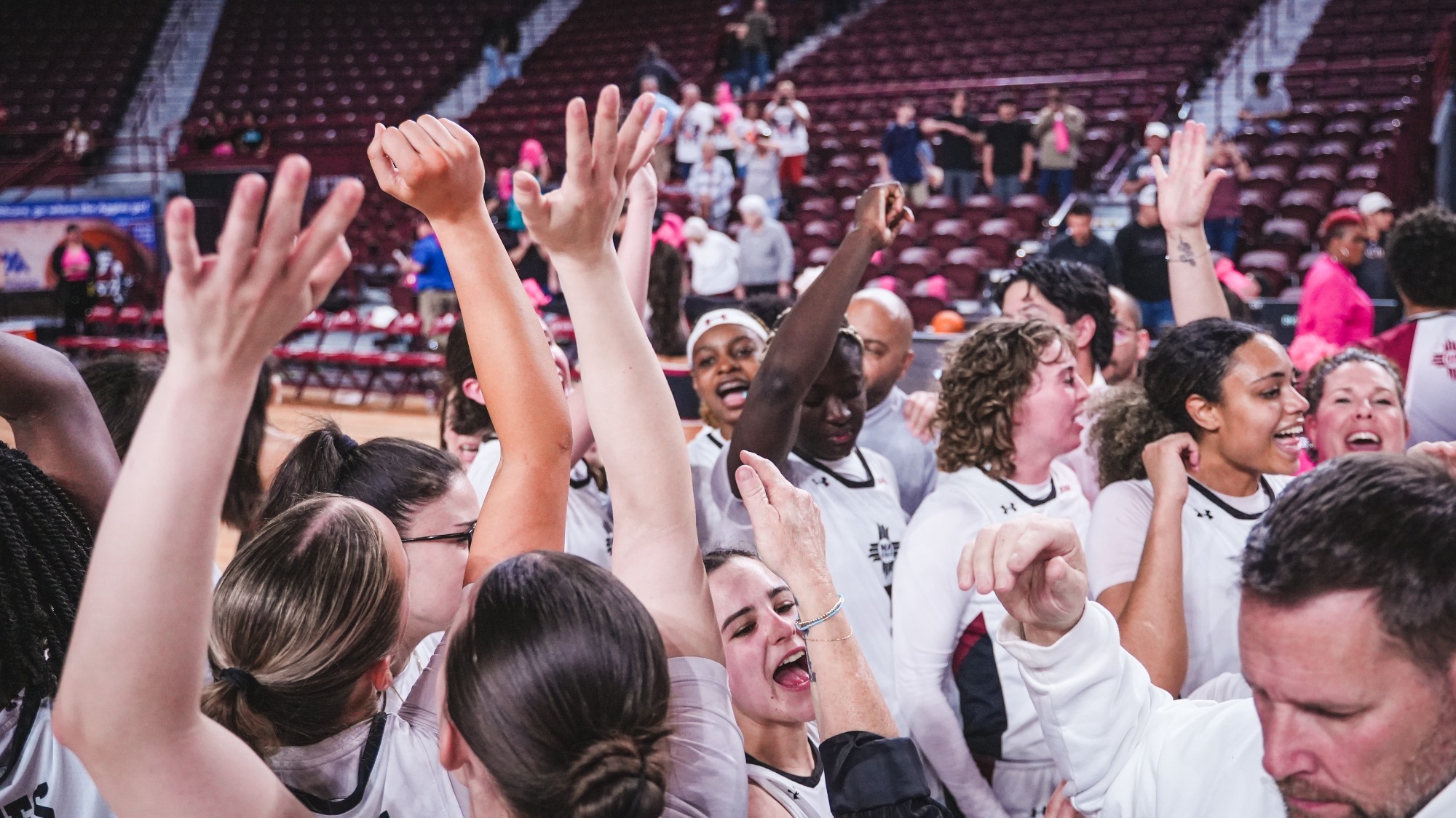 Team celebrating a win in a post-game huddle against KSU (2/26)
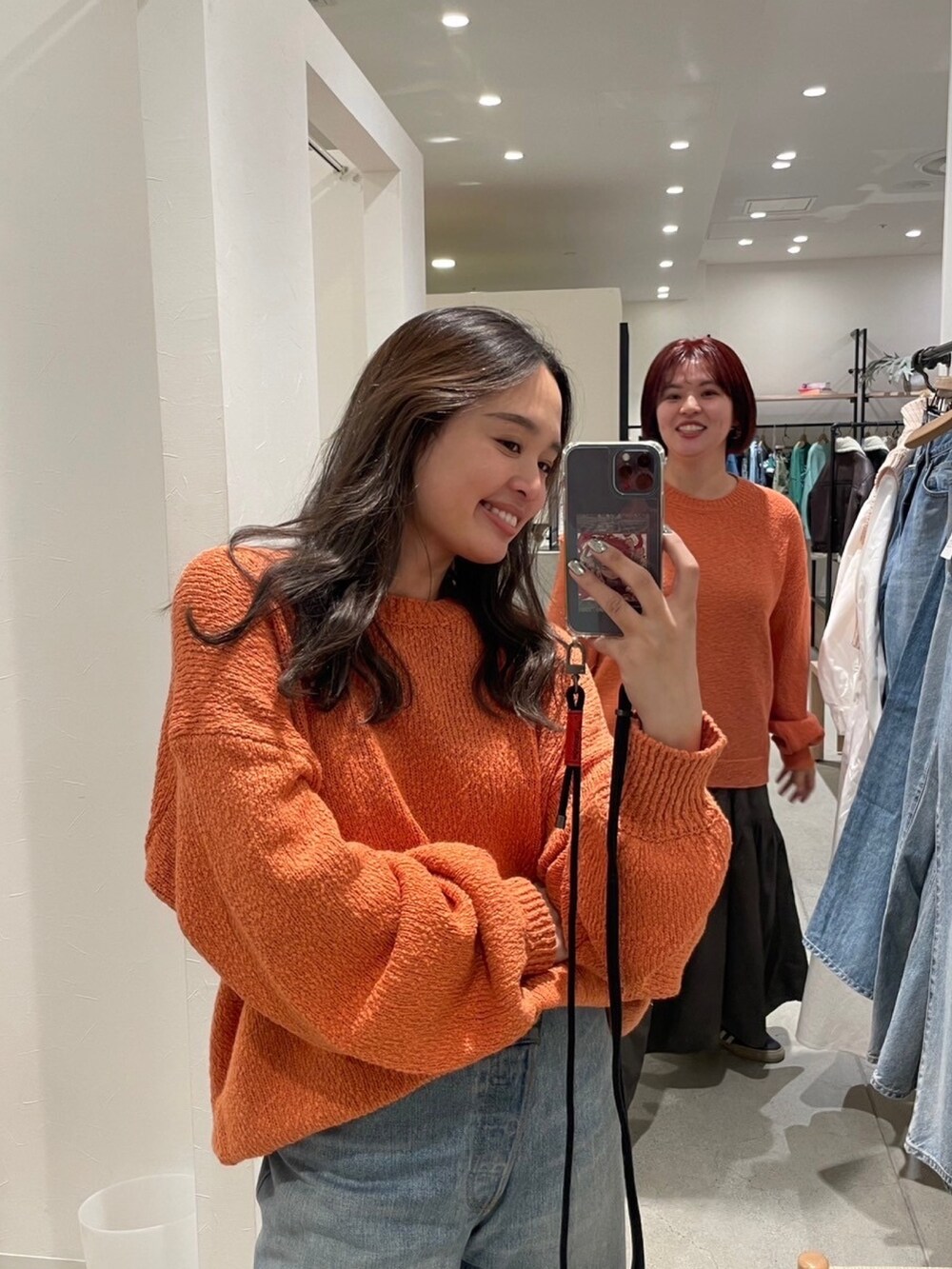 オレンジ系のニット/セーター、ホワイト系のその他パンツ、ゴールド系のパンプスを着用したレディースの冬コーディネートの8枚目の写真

- - -

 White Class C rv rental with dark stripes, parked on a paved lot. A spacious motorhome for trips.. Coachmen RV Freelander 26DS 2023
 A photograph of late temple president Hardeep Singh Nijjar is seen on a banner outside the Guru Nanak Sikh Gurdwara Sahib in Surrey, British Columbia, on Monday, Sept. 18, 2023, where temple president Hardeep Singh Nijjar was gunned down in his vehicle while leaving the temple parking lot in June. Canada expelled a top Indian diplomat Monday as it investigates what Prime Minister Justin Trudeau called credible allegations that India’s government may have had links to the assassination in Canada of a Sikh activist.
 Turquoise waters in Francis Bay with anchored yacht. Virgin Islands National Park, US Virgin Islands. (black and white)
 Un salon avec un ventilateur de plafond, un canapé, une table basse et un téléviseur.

- - -

• PROBLEM DESCRIPTION
Show the lines from the data above that contain the string "with".

• WRITTEN RESPONSE
 White Class C rv rental with dark stripes, parked on a paved lot. A spacious motorhome for trips.. Coachmen RV Freelander 26DS 2023
 Turquoise waters in Francis Bay with anchored yacht. Virgin Islands National Park, US Virgin Islands. (black and white)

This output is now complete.